FEATURED Issue 956 · April 3, 2023

Let My Matzah Go

Under discussion was a incident involving matzah in the mails, and the US Postal Service’s deliberate destruction of this delivery

Let My Matzah Go
Title: Let My Matzah Go
Location: Washington, D.C.
Document: Jewish News of Northern California
Time: April 1972

Today, we will take testimony on an incident involving the mailing of unleavened bread during the Passover season to the Russian Embassy for Jews in the Soviet Union, who are not allowed to produce their own matzah for the holy season. These mailings were the result of a campaign by interested American citizens to dramatize the plight of Jews behind the Iron Curtain. The Embassy refused to accept these mailings.… Matzah has a religious and historical significance to the Jewish people. Its destruction, during the Passover season, has created a serious and vital question as to whether or not the Postal Service should have disposed of this food to organizations ready to supply it to the needy in the face of requests from such organizations.

—Hon. Robert Nix (D-PA), chairman of the House Subcommittee on Postal Facilities and Mail

At 10:30 a.m. on April 12, 1972, the House Subcommittee on Postal Facilities and Mail convened in the Cannon House Office Building in Washington, D.C., for one of the most peculiar hearings in congressional history.

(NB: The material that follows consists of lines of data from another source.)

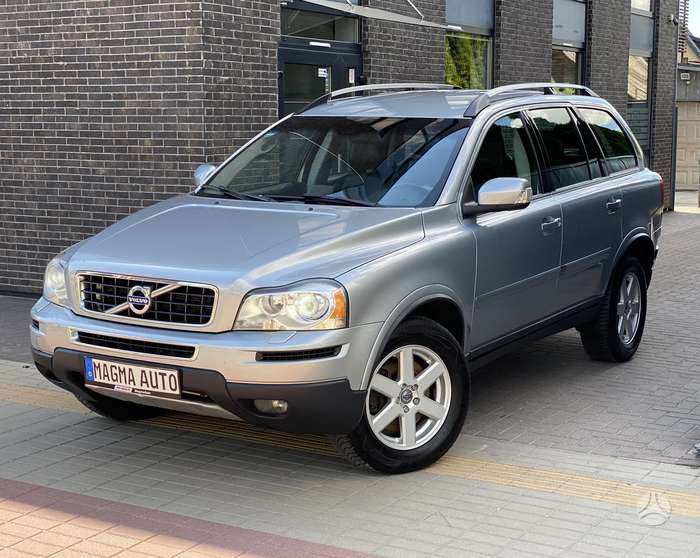 Volvo XC90, 2.4 l., off-road / crossover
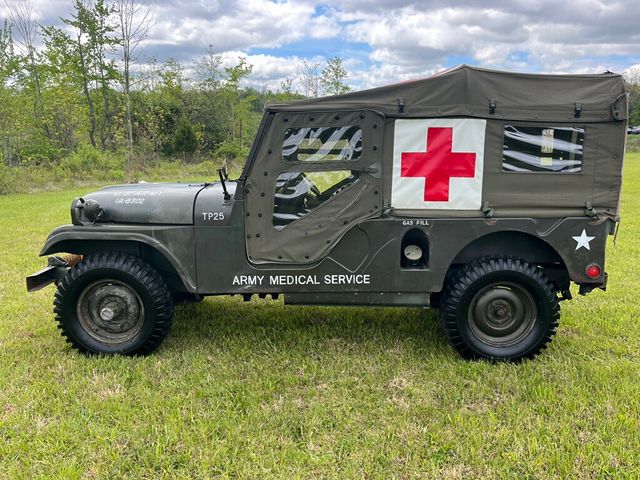 1955 Jeep M170 Frontline Ambulance MASH US Army Jeep - 23019541 - 6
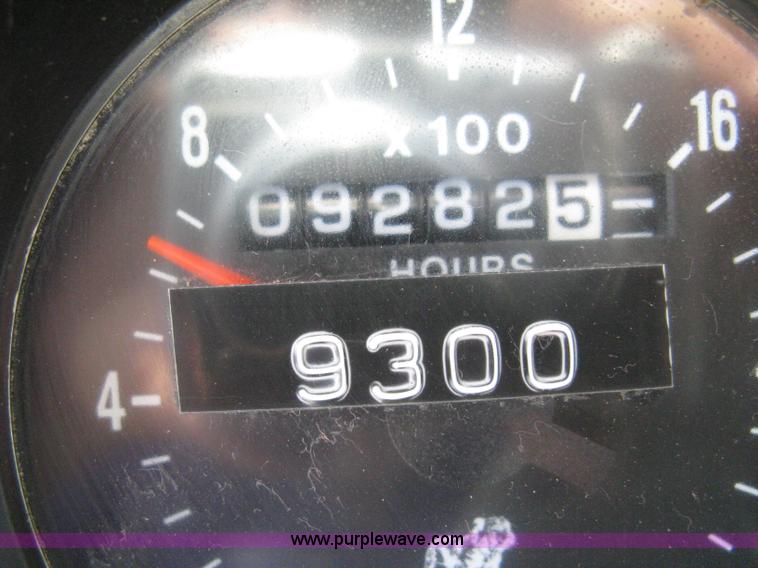 image for item 8114 2001 Mack RB688S triple axle dump truck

Under discussion was a incident involving matzah in the mails, and the US Postal Service’s deliberate destruction of this delivery.

With utter seriousness, congressmen gathered to hear testimony regarding the impetus for the matzah mailing, the plight of Soviet Jewry, the callousness of the Soviet government, and the controversial decision ultimately implemented by the Postal Service to incinerate several tons of matzah.